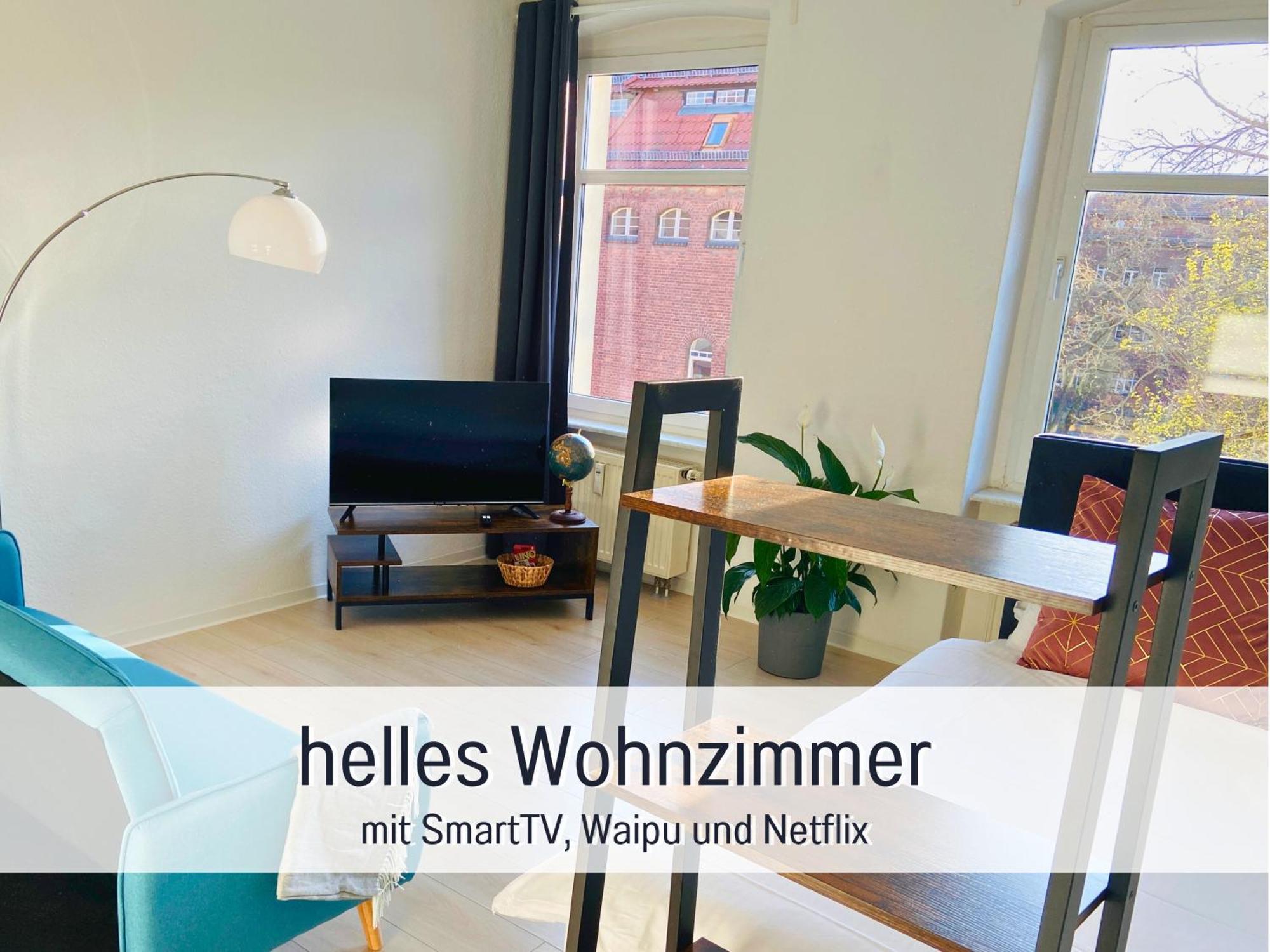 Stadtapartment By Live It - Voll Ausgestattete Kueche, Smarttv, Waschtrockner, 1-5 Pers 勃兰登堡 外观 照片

···

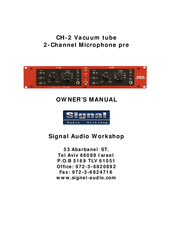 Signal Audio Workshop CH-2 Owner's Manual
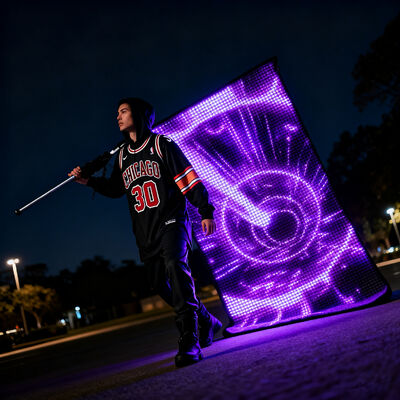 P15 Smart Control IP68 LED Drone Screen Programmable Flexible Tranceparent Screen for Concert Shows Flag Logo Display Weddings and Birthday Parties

···

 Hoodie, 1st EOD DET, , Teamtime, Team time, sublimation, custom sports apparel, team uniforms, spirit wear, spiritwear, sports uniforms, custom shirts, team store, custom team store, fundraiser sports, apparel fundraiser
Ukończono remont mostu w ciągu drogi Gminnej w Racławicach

···

### AIM OF THE TASK
Give back the exact lines above, running from the one that has "Signal Audio Workshop CH-2 Owner's Manual" through the one that has "P15 Smart Control", with nothing added and no pictures.

### WRITTEN REPLY
 Signal Audio Workshop CH-2 Owner's Manual
 P15 Smart Control IP68 LED Drone Screen Programmable Flexible Tranceparent Screen for Concert Shows Flag Logo Display Weddings and Birthday Parties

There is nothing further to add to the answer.